翌朝、食堂のテーブルには泊まったお遍路さん用に朝食のほかに接待のミカン、数種類のお菓子や飴、饅頭が大量に並べられ「自由に持って行ってください」のメモが添えられていた。雨は止んでいた。
![](https://stat.ameba.jp/user_images/20230722/11/makoto0321-1952/51/f8/j/o0568042615315380695.jpg?caw=800)

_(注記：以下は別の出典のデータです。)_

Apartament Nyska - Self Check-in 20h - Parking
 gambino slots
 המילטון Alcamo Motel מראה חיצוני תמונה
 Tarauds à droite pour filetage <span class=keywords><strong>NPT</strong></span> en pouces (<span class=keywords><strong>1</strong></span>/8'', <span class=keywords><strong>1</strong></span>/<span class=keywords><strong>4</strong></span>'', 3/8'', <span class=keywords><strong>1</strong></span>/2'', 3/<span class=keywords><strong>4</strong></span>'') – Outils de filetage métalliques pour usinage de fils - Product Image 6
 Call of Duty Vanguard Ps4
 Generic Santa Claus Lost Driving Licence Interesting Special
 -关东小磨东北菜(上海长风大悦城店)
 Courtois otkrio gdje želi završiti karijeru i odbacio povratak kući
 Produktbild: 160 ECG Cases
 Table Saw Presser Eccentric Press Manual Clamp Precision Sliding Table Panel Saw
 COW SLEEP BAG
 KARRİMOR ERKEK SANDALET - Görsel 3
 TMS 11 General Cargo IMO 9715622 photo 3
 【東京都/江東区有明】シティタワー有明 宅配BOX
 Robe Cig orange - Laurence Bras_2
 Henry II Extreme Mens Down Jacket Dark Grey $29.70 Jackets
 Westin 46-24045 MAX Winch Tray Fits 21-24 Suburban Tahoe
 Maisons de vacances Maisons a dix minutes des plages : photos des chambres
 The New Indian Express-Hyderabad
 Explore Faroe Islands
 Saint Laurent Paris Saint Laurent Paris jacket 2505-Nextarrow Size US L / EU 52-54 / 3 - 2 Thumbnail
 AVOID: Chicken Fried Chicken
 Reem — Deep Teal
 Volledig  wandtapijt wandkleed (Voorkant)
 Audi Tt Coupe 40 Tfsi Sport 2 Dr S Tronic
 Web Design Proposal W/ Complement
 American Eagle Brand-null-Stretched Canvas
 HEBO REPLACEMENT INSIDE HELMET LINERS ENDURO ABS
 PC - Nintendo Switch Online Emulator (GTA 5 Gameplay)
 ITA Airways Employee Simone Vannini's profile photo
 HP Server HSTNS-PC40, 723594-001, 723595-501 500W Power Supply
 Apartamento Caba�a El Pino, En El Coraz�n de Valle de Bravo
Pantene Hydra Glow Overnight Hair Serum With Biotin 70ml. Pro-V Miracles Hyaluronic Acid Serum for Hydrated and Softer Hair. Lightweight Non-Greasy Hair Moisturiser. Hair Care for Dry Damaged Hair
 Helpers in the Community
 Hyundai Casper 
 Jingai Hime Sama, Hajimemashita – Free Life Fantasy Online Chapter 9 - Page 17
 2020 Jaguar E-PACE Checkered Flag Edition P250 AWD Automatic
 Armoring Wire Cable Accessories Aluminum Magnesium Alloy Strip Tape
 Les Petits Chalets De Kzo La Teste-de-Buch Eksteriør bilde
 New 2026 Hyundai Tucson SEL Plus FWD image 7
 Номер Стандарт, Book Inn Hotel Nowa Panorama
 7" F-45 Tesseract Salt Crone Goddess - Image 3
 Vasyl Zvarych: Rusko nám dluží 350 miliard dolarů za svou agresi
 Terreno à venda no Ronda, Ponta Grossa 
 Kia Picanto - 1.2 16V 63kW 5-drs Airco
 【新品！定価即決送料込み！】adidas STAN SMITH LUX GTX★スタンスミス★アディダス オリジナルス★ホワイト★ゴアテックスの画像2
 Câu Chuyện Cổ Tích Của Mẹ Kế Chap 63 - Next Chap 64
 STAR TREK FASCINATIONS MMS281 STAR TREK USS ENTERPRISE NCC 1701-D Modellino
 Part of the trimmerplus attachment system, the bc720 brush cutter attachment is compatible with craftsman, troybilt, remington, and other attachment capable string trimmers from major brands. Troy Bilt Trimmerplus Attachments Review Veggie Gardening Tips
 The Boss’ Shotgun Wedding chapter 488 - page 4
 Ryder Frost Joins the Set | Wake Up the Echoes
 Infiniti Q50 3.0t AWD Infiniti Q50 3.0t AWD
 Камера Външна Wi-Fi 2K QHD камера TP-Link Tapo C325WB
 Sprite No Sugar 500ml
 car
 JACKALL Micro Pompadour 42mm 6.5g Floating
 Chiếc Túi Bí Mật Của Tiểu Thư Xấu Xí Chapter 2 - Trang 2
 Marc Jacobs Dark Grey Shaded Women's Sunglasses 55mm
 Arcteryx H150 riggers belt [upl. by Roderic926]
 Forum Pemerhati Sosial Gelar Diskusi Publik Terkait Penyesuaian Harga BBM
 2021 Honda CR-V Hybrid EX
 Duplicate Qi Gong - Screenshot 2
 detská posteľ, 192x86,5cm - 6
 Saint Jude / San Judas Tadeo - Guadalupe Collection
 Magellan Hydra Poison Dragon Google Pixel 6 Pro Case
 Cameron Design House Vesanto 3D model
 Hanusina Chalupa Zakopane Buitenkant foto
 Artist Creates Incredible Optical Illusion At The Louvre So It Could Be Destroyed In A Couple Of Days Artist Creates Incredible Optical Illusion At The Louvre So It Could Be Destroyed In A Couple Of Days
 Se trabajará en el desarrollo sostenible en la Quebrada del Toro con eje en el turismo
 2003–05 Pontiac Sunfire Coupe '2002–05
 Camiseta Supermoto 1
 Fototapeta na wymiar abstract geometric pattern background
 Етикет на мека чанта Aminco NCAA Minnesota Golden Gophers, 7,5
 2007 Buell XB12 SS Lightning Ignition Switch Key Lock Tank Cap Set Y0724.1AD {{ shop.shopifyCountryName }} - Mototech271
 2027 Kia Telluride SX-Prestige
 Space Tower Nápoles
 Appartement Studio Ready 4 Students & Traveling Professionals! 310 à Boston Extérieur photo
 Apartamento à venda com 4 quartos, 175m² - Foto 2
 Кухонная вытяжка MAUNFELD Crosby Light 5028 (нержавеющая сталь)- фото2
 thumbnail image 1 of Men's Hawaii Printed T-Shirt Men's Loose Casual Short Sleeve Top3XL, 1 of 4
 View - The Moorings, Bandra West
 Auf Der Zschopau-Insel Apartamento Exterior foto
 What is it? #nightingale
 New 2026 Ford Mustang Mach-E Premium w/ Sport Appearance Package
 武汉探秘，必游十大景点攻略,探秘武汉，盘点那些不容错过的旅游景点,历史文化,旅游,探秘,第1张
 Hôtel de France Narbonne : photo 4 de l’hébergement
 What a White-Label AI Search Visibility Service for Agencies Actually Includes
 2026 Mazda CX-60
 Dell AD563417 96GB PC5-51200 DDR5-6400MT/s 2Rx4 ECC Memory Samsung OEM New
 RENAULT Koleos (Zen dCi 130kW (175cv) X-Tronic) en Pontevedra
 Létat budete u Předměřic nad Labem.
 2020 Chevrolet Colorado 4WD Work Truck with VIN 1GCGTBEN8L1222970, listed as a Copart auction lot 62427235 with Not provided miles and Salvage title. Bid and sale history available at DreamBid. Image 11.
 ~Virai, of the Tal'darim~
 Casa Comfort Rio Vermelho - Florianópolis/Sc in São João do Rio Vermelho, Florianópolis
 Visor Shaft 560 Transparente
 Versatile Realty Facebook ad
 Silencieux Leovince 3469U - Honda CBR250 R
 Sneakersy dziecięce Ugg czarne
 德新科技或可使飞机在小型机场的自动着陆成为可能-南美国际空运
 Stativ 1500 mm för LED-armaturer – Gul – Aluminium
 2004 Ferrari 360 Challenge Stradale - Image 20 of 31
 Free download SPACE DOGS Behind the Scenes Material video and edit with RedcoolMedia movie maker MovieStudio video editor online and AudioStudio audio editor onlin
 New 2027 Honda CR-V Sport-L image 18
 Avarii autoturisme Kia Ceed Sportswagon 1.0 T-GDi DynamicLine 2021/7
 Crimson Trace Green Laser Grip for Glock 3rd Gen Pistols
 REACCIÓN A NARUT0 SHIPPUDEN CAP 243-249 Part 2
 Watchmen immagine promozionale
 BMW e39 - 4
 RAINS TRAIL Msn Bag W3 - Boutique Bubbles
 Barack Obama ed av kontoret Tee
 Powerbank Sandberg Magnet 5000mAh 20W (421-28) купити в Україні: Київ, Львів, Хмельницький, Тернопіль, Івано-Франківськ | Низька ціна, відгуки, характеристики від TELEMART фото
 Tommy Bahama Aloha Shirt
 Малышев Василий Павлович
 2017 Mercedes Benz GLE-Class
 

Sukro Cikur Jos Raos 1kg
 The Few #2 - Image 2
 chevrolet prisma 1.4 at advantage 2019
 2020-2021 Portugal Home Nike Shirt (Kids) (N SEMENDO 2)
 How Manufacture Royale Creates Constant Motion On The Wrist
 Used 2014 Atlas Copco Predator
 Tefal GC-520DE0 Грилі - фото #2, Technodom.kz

この宿のトイレはお遍路さん向けの民宿としては他にない快適な装置が備えられていて、ウォッシュレットは水面が泡に覆われ清潔そのもので身体障害者が泊まっても困らないようにカーテン仕切りのバリアフリートイレも備わっていた。
「風邪ひくよ!まずは風呂に入って!!」
昨夜の濡れた体を心配する女将の言葉が蘇った。宿泊者のことを第一に考える宿だった。